しばしの時が過ぎ、俺は女を見た。すると――――――
「てめぇ!寝てるじゃねーか!」
「うん?あ、一瞬寝てた」
あははと笑うアホ女。
もう知らん。ここまで付き合った俺がバカだった。
アビ座と大ダコ座を間違えようが、何だろうが俺の知ったことじゃない。
「もう寝る」
俺は立ち上がった。
「え~?!待ってよ、大ダコ座は?」
「知らん」
リュートを女に返した。女は上目遣いで俺を見つめる。
「ごめん、ジェイド。だから教えてよ」
「もう無理。お前、寝るし」
「もう寝ないから~!」
女は俺の左腕を握って揺すった。
ガキかよ。駄々っ子かよ・・・。
「ダメ。自分で考えろ」
「ジェイドの意地悪ーー!!」
「アホよりマシだろ?」
「ジェイドのケチーー!!」
「バカより良いんじゃねーか?」
女はとうとう口をつぐんだ。
勝った。
ニヤリと笑っていると、
「ジェイド様、ナナ様。もう少しお静かにしていただけませんか?」
マリーがガラス戸を開けて入ってきた。少し怒っている。
「お歌やリュートは素晴らしかったですが・・・口喧嘩は止めてください。

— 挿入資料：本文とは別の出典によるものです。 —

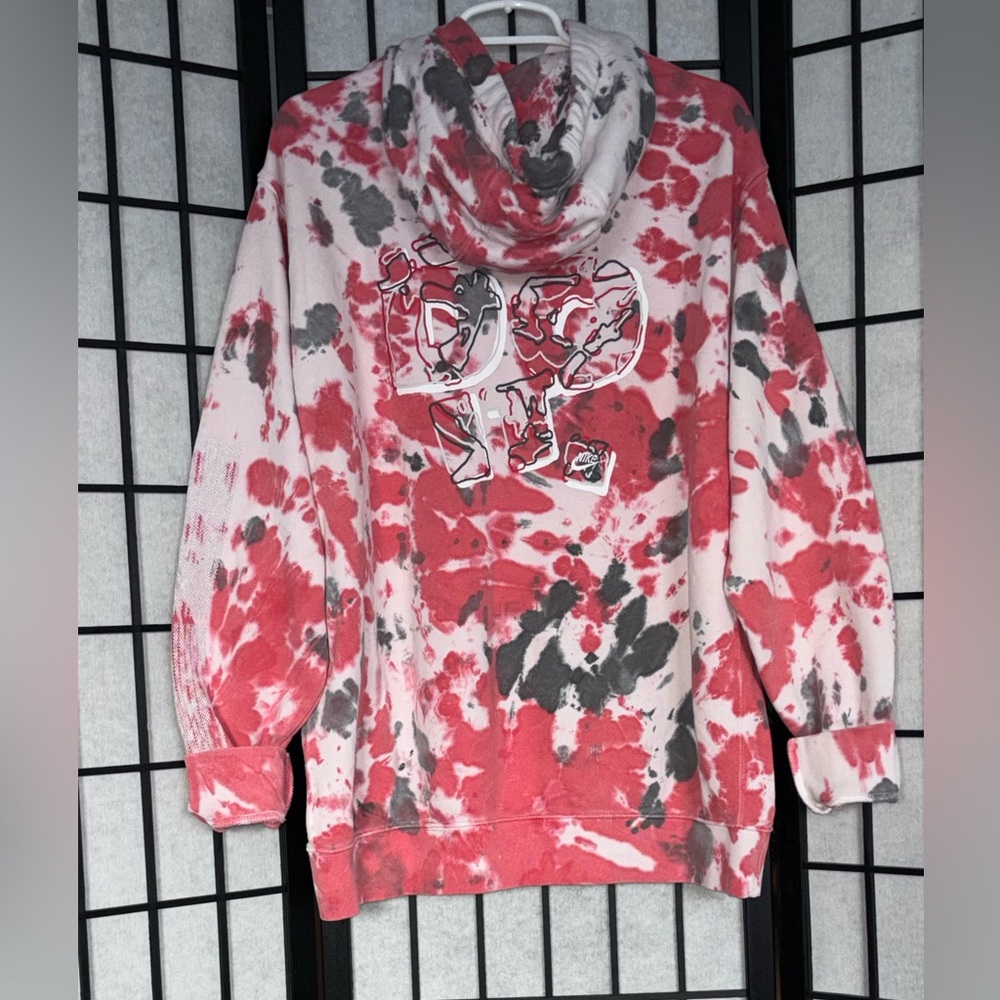 Nike Men's Sportswear Club Bold Dye ”JUST DO IT” Pullover Hoodie Size X-Large.. - Picture 3 of 12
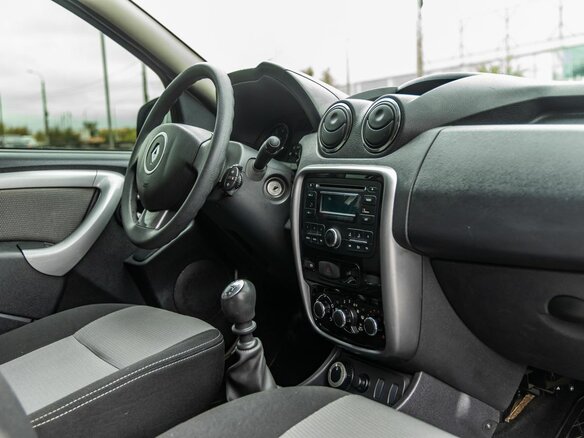 2013 Renault Duster I, серебристый - вид 21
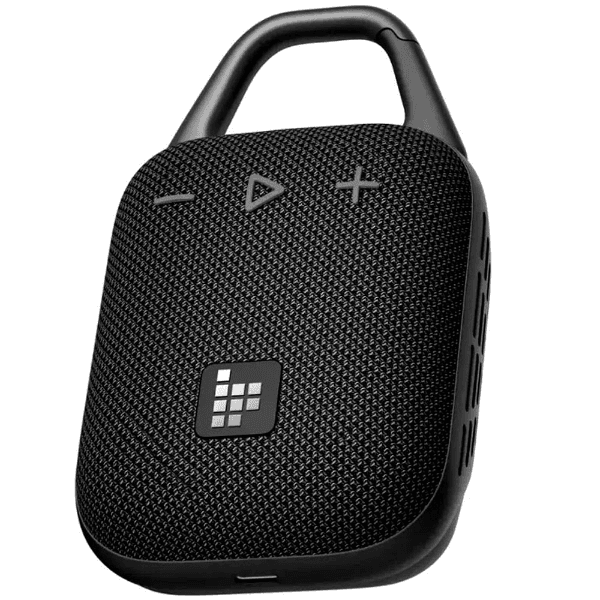 Caixa de Som Tronsmart Mirtune H1 Bluetooth 8W Ipx7 Preta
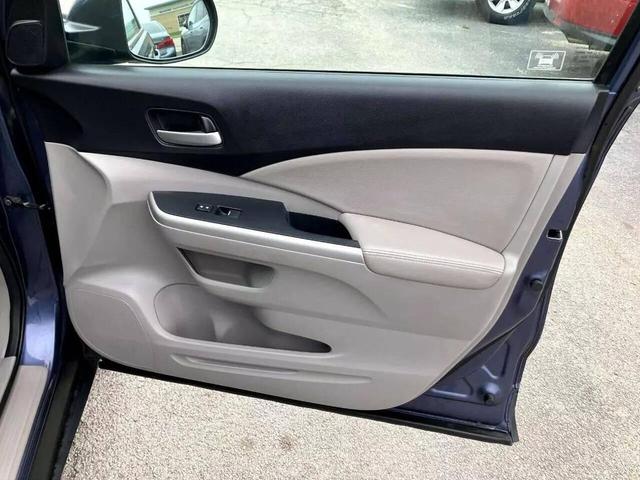 Photo of 2012 Twilight Blue Metallic Honda CR-V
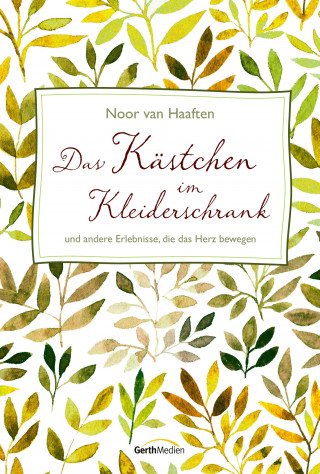 Noor van Haaften: Das Kästchen im Kleiderschrank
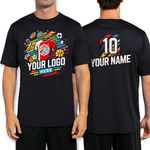 Custom Sport Performance T-Shirt, 1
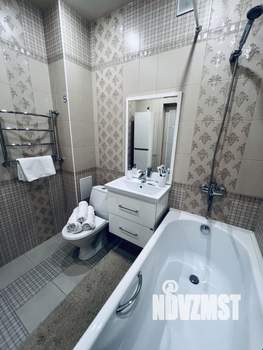 1-к квартира, посуточно, 38м2, 1/1 этаж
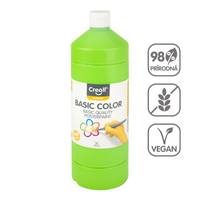 Tempera-Malfarbe Creall 500 ml – Hellgrün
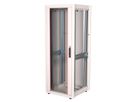 ROLINE 19-inch netwerkkast Basic 32 U, 600x600 BxD Glazen deur grijs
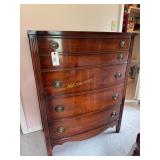 4 drawer Dixie Furniture Company chest of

大人げない」
言われてしまった。
俺と女は顔を見合わせる。
「・・・ごめんね、マリー」
おずおずと女は口を開いた。
「そんなに声、大きかった?」
「ええ。大ダコ座を教えてもらっていたのに、ナナ様、いつの間にか眠っておられたんでしょう?それはジェイド様も怒りますよ」
言うと、マリーはくすくすと笑う。
「星座は今度でもよろしいではありませんか。それともまだ二人っきりでいたいのでしたら、どちらかのお部屋にでも―――――――」
「寝る」
俺はさっさとガラス戸の方へ歩き出した。
「言っとくが、俺はこんなアホガキには興味無いからな」
「なっ・・・!ガキじゃないもん!ってゆーか、私だってジェイドみたいな意地悪の人好きじゃ――――――」
「はいはい。ナナ様、分かりました」
マリーが割って入った。
侍女はガラス戸を開けながら、俺を見上げる。
「・・・また、ナナ様にリュートを弾いてあげてくださいね」
「・・・気が向いたらな」
俺の言葉に、侍女は優しく頷いた。
閉められたガラス戸の向こうで、黒髪の魔女と侍女が何か話している。
「・・・大人げない、か・・・」
苦笑すると、俺は自室へと戻った。